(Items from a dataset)

******

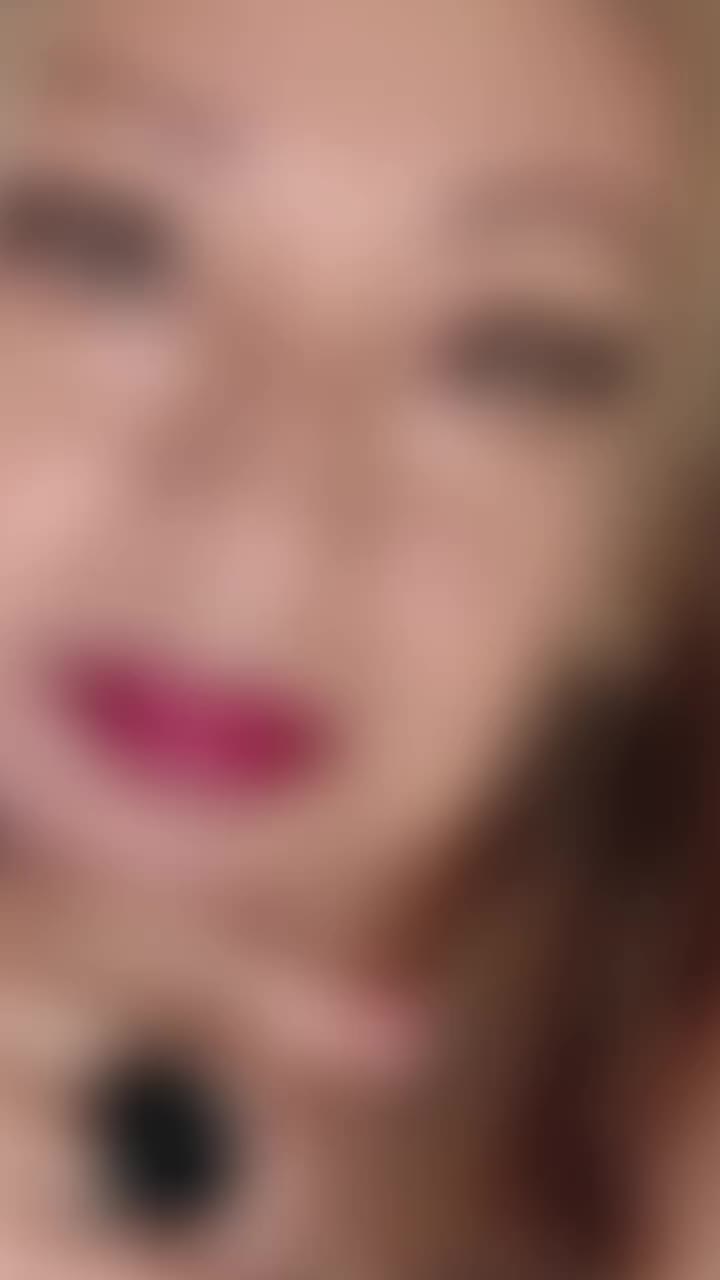 @carmennava991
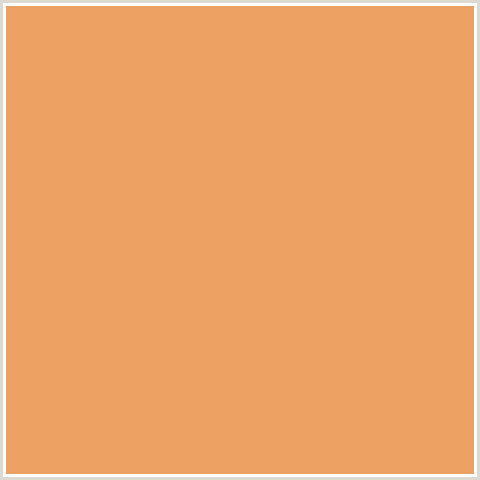 EDA264 Hex Color Image ()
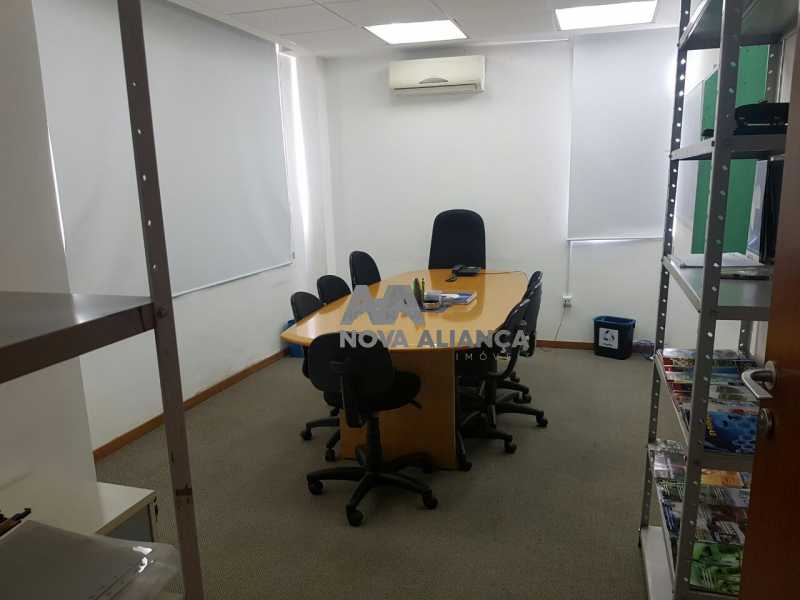 Conheça 238f153a-391d-492b-9b49-6f7be8 do imóvel - Andar 400m² à venda Avenida Rio Branco,Centro, Rio de Janeiro - R$ 1.800.000 - NBAN00007 - 5 238f153a-391d-492b-9b49-6f7be8 - Andar 400m² à venda Avenida Rio Branco,Centro, Rio de Janeiro - R$ 1.800.000 - NBAN00007 - 5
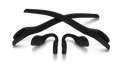 283369871.png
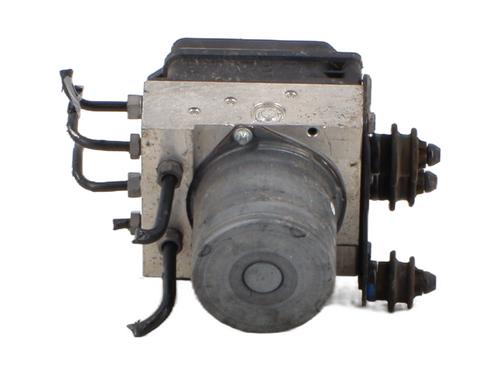 ABS pump AUDI A4 B8 Avant (8K5) 2.0 TDI | BP25691637M43 - Image 3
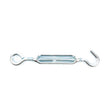 BERCOMAC TURNBUCKLE (058123) (104634) - DRIVEN Canada's Powersports 9999999988104634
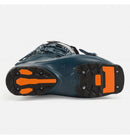 SHADOW 115 MV GW Damen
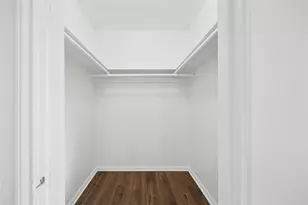 705 Harold St, Houston, TX 77006 - Photo 16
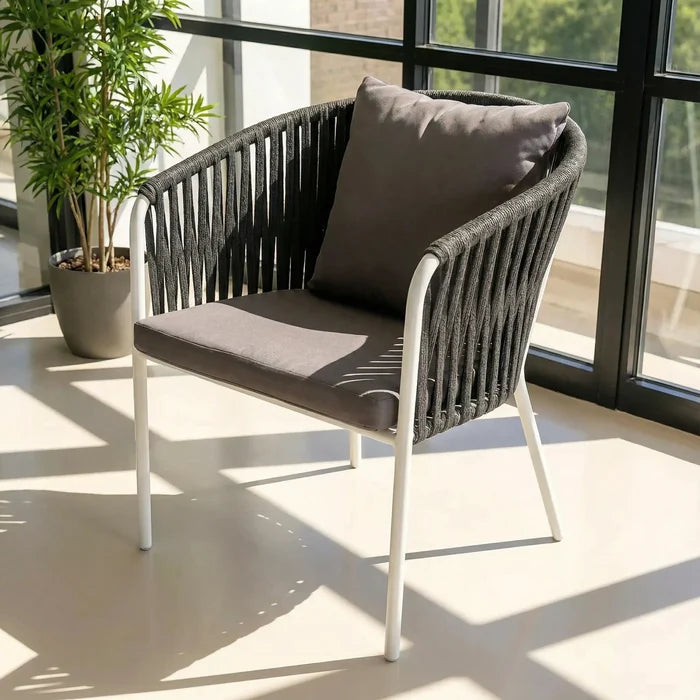 Outdoor set  
Outdoor furniture 
اطقم للحدائق 
اطقم للبلكونات 
Garden  furniture 
كراسي للمطاعم
Restaurant chairs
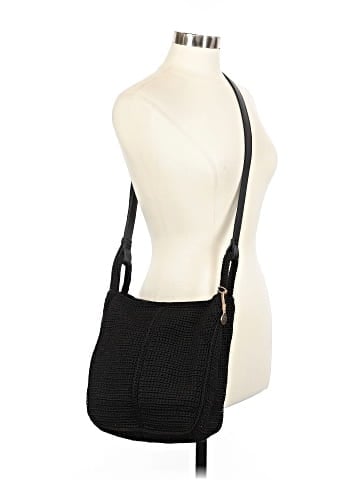 The Sak Crossbody Bag (view 2)
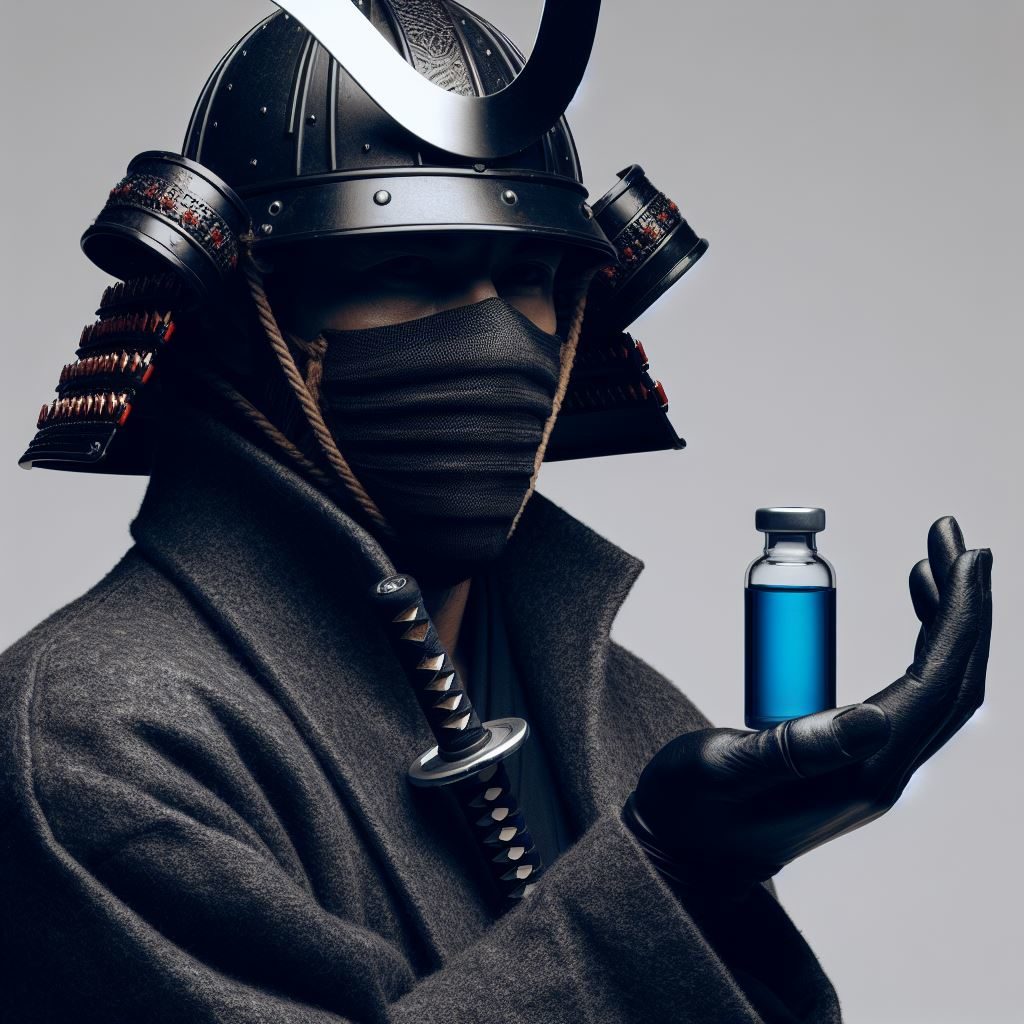 potion-du-samourai-2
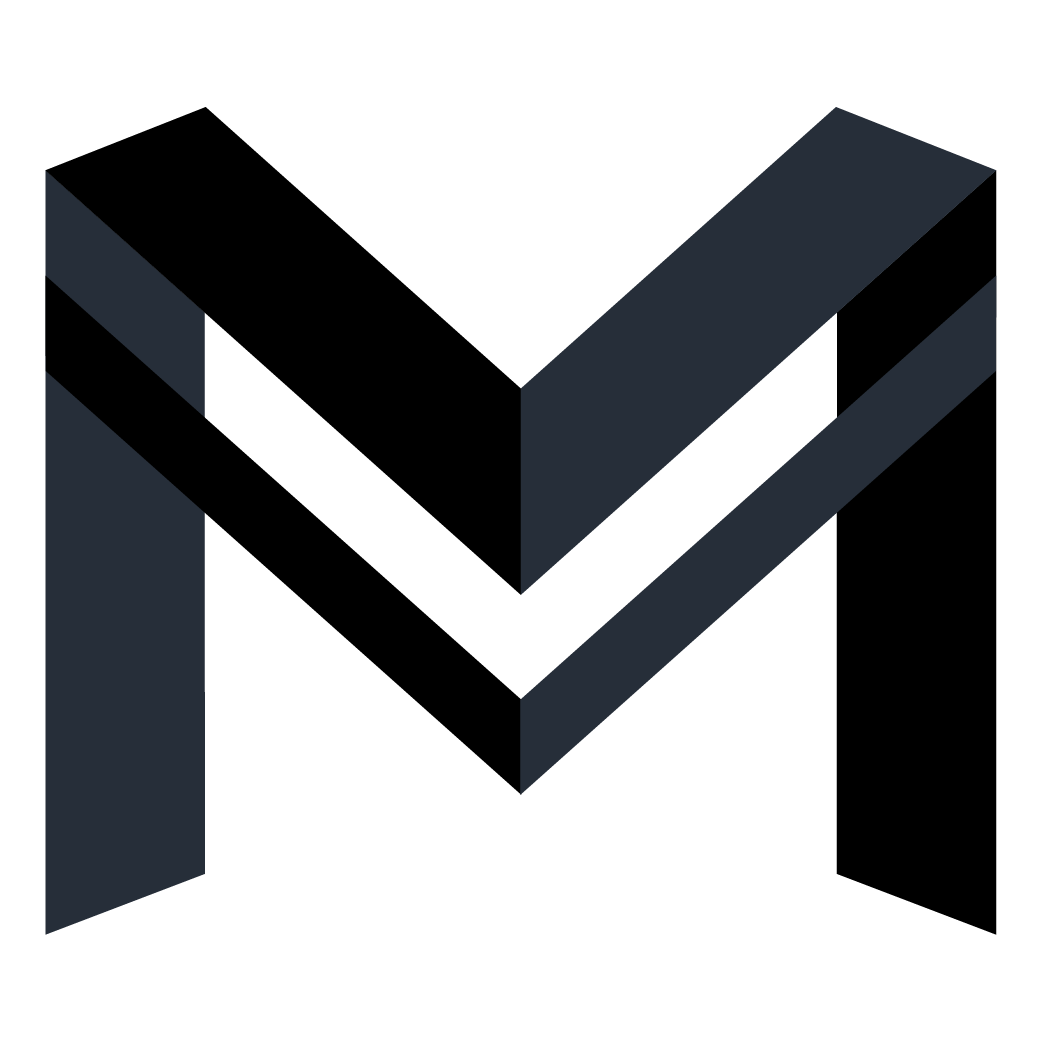Mymusicframe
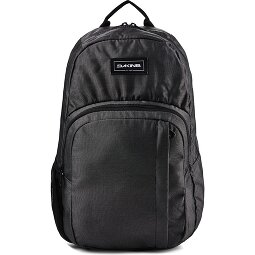 Dakine Class 25L Daypack 45 cm  Variant 2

******

Exercise:
Repeat only what runs from the first line of the records above to the line with "اطقم للبلكونات", both included, word for word, minus the pictures.

Solution to the exercise:
 @carmennava991
 EDA264 Hex Color Image ()
 Conheça 238f153a-391d-492b-9b49-6f7be8 do imóvel - Andar 400m² à venda Avenida Rio Branco,Centro, Rio de Janeiro - R$ 1.800.000 - NBAN00007 - 5 238f153a-391d-492b-9b49-6f7be8 - Andar 400m² à venda Avenida Rio Branco,Centro, Rio de Janeiro - R$ 1.800.000 - NBAN00007 - 5
 283369871.png
 ABS pump AUDI A4 B8 Avant (8K5) 2.0 TDI | BP25691637M43 - Image 3
 BERCOMAC TURNBUCKLE (058123) (104634) - DRIVEN Canada's Powersports 9999999988104634
 SHADOW 115 MV GW Damen
 705 Harold St, Houston, TX 77006 - Photo 16
 Outdoor set  
Outdoor furniture 
اطقم للحدائق 
اطقم للبلكونات 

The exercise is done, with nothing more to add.